A century ago, women were on the verge of getting the vote as Carrie Chapman Catt and Alice Paul campaigned separately for ratification of the 19th Amendment. In 1920, six months prior to passage of the Amendment, Carrie Chapman Catt founded the League of Women Voters as a mighty political experiment to instruct women on political issues. Although Vermont had not ratified the 19th Amendment and would not do so until February 1921, suffragists organized a chapter, “…so that Vermont women may be prepared to use to their best advantage the ballot so recently won….”
From the beginning, the League became the voice of reason, renowned for fact-based, nonpartisan information. It had a bold agenda, adopting 69 items for study including child welfare, education, home and high prices, women in gainful occupation, public health and morals, and independent citizenship for married women. Formative leader Eleanor Roosevelt helped establish its policy agenda, and, as Vice President of Legislative Affairs, lobbied for reforms.

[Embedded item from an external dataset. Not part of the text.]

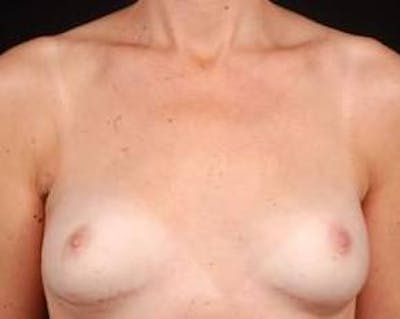 Immediate Breast Reconstruction – Nipple Sparing Before & After Gallery - Patient 275802 - Image 2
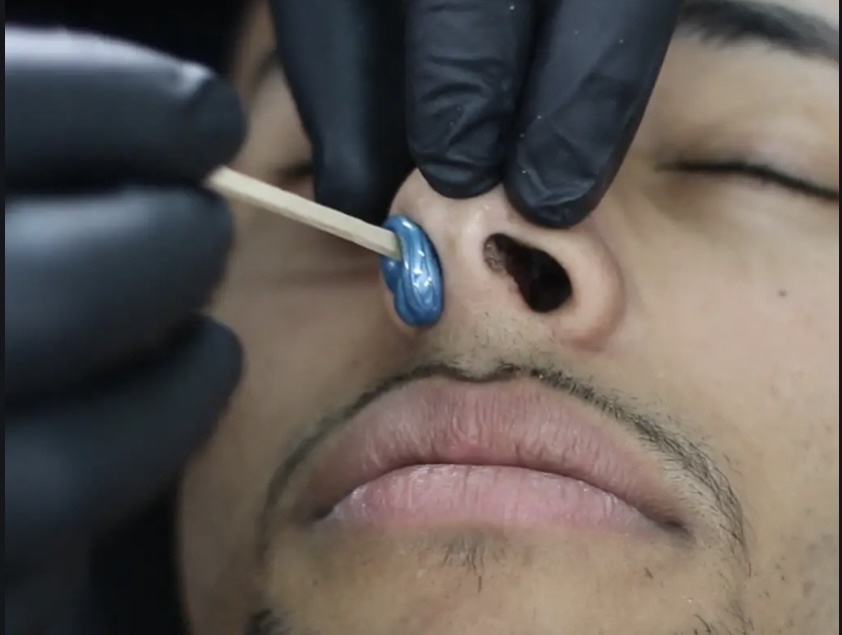NOSTRIL WAXING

Our first legislative victory, in 1921, secured the landmark $1,000,000 federal funding to reduce infant mortality rates.
Following World War II, the League launched an unprecedented nationwide campaign to establish the United Nations (UN) and ensure US participation, working for Americans to understand the vital importance of the UN. We were the first non-governmental organization to be officially recognized by the UN and, to this day, maintain official observer status. The League endorsed the World Bank, International Monetary Fund, NATO, Marshall Plan, economic aid to less-developed countries, arms control, and normalizing relations with China.